I. Le constat rigoureux d’un défaut de transposition législative
A. La force obligatoire des délais impartis par la décision-cadre
La Cour rappelle que les décisions-cadres lient les États membres quant au résultat à atteindre tout en laissant la compétence des formes. Le respect des dates butoirs constitue une exigence fondamentale pour assurer l’efficacité du droit de l’Union et la sécurité juridique des citoyens. L’inaction prolongée au-delà du terme prévu par l’article 29 fragilise la coopération judiciaire pénale entre les différents pays de l’Union européenne. Les juges considèrent que l’absence de mesures transposant le principe de reconnaissance mutuelle prive les condamnations pénales d’une exécution fluide sur tout le territoire.
B. L’objectivation du manquement par l’inaction des autorités nationales
Le manquement est ici purement objectif puisqu’il résulte du seul constat de la non-adoption des textes requis dans le délai imparti par l’Union. La Cour affirme sans ambiguïté que l’État a « manqué aux obligations qui lui incombent en vertu de l’article 29, paragraphes 1 et 2 ». Aucune justification tirée de difficultés internes ou de retards procéduraux nationaux ne peut être valablement invoquée pour excuser une telle carence législative. Cette sévérité juridictionnelle assure que les mécanismes de reconnaissance des jugements ne restent pas lettre morte à cause de la passivité d’un gouvernement.
II. L’exigence de transparence par la communication des mesures nationales
A. Le caractère autonome de l’obligation d’information à la Commission
L’obligation de communication est distincte de celle de transposition même si ces deux devoirs sont intimement liés dans la procédure de contrôle. Le grief porte spécifiquement sur le fait de n’avoir pas « communiqué à la Commission européenne le texte de ces dispositions » impératives. Cette formalité permet à l’exécutif européen de vérifier la conformité réelle des lois nationales avec les objectifs fixés par la décision-cadre concernée. L’absence de transmission d’informations empêche tout examen sérieux de la mise en œuvre effective du principe de reconnaissance mutuelle des peines prononcées.

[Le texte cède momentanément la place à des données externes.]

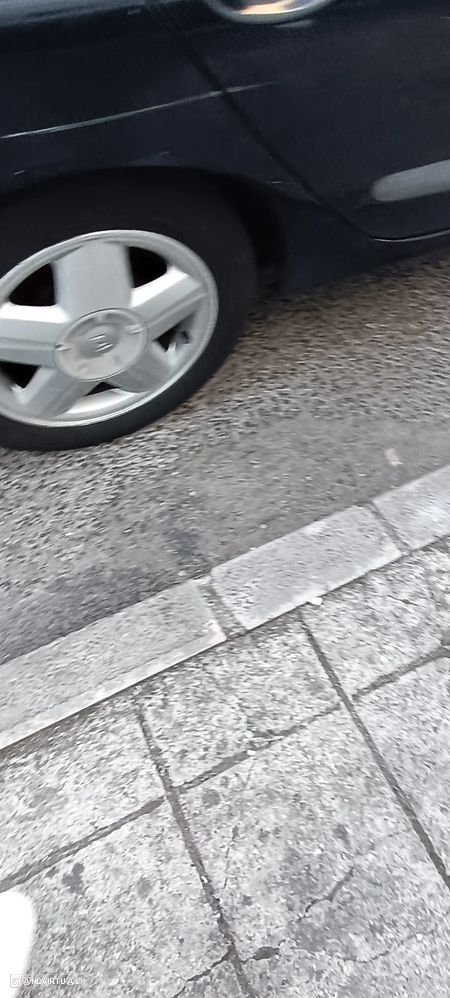 Renault Mégane 1.9 dTI RXE AC - 3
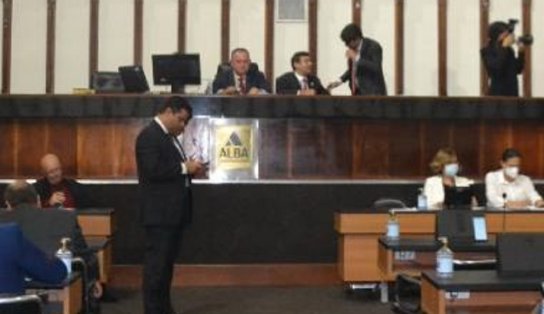 Em sessão extraordinária, deputados aprovam reajuste salarial de servidores do judiciário baiano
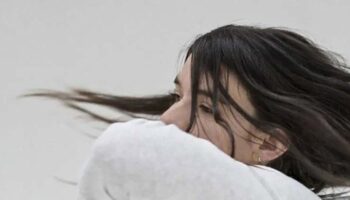 Louise Vanneste arpente « Mossy Eye Moor », lande pleine de secrets - Critique sortie  Paris Théâtre de l’Aquarium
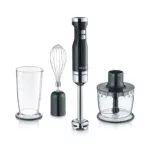 מכונת הגלידה GRAEF Ice machine IM706 מברזל מיקה, עם אביזרים כמו מקצף, כוס מדידה, קערת מעבד מזון ואביזר להכנת גלידה, מסודרים בשורה על רקע לבן.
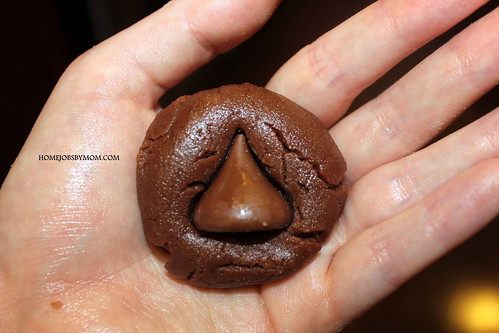 kiss inside truffle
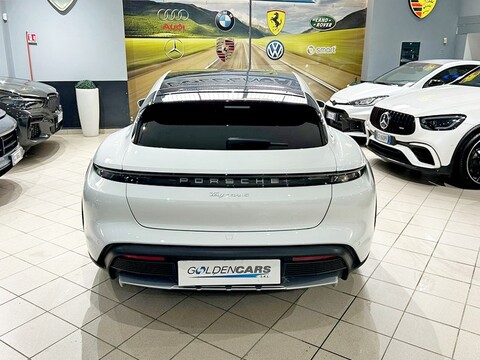 Porsche Taycan Sport Turismo Elettrica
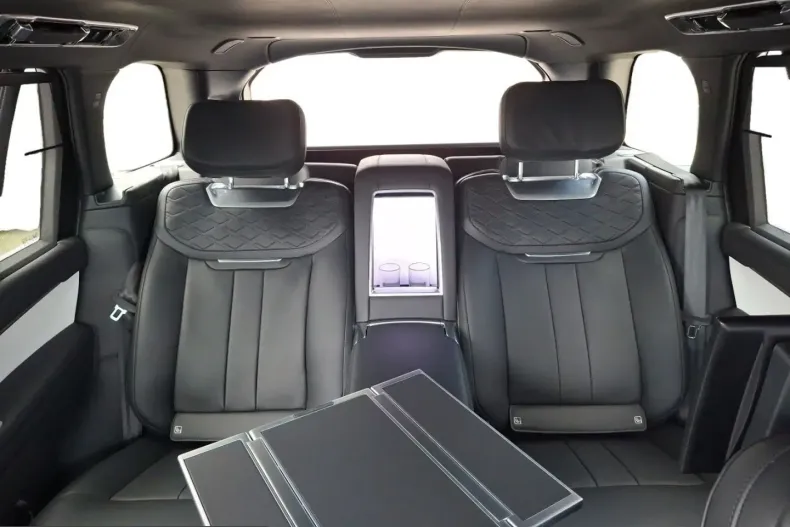 Land Rover Range Rover din 2024 cu 15.200 km - oferta LAN243332 - foto 13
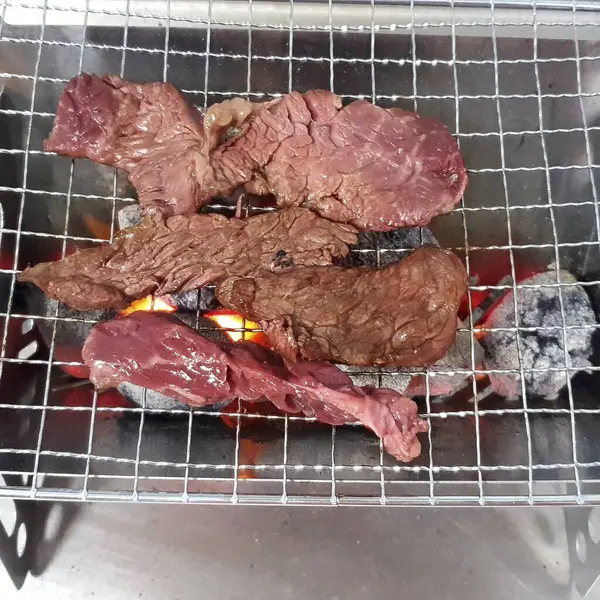 Baharatlı ve sebzeli ızgara et.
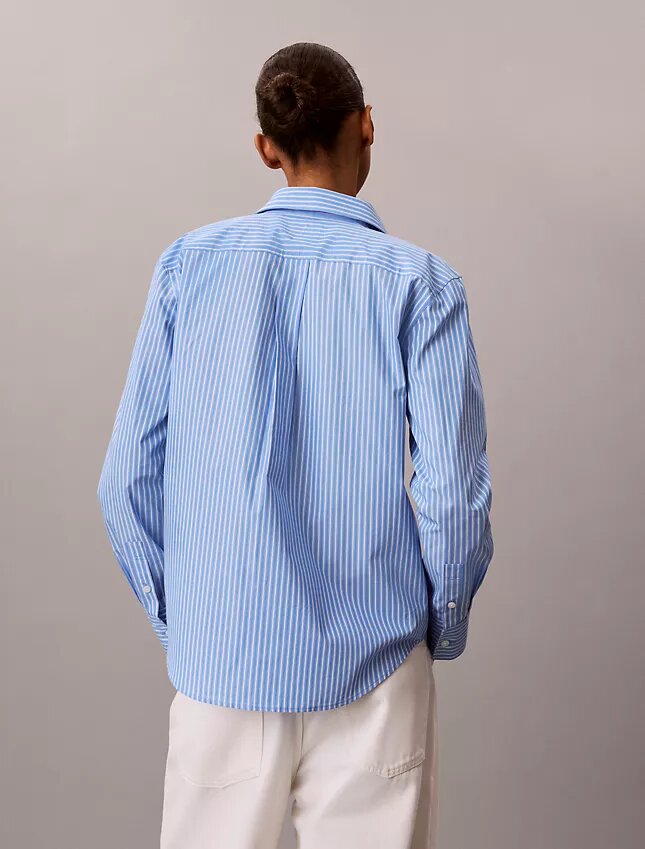 Camisa de popelín de algodón con rayas y logotipo bordado Camisa de popelín de algodón con rayas y logotipo bordado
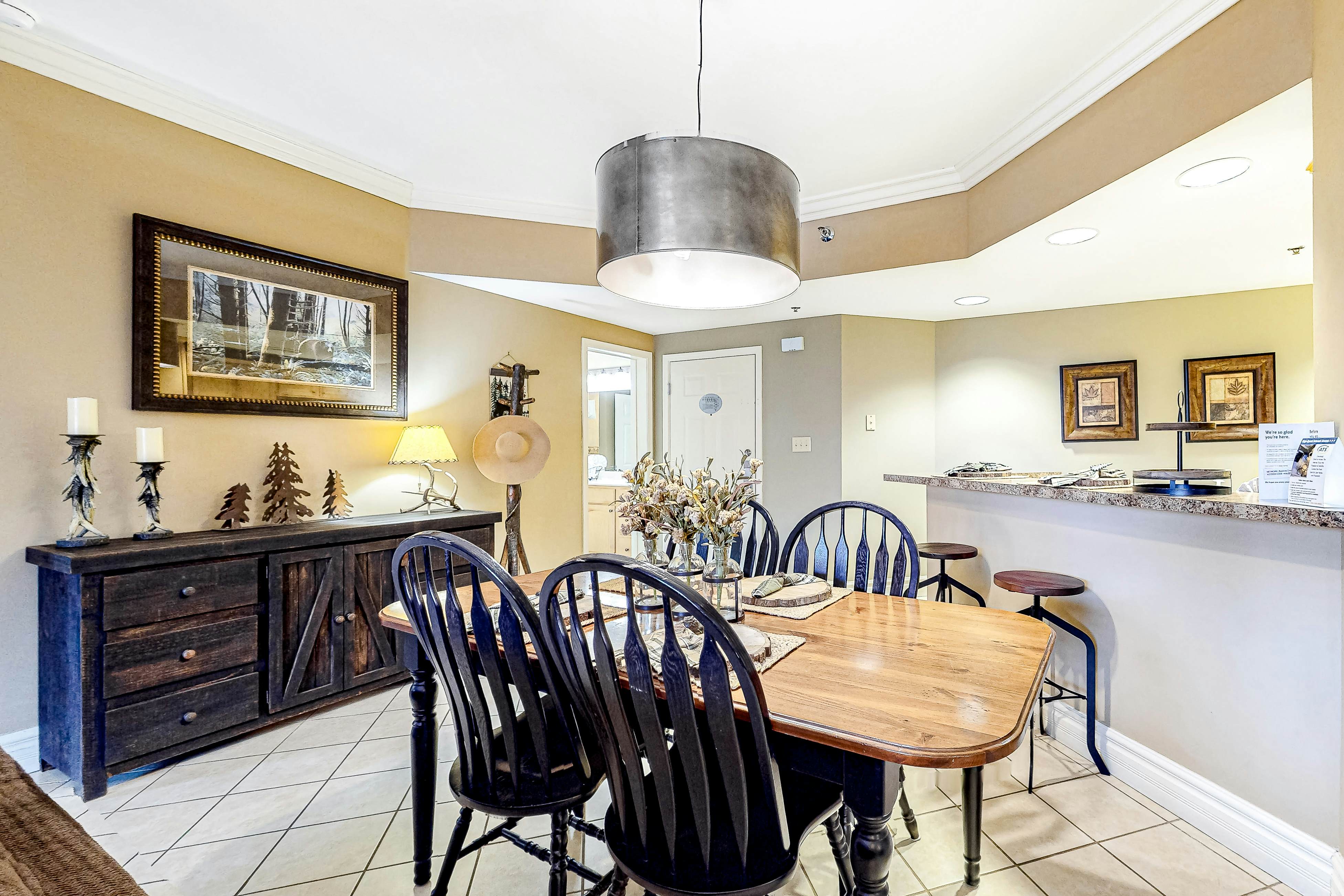 Central Condo, Sleeps 6・Jetted tub・Near Downtown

B. La portée du rappel à l’ordre dans le cadre de la coopération pénale
Cet arrêt renforce la primauté du droit européen en sanctionnant les résistances nationales qui ralentissent l’intégration de la justice pénale commune. La condamnation aux dépens souligne la responsabilité financière de l’État membre face à son incurie prolongée dans la gestion de ses engagements internationaux. Cette décision incite les autres pays à accélérer leurs processus législatifs pour éviter des procédures de manquement similaires devant la Cour de justice. La jurisprudence réaffirme ainsi que la solidarité entre les membres repose sur une exécution loyale et rapide des actes juridiques adoptés collectivement.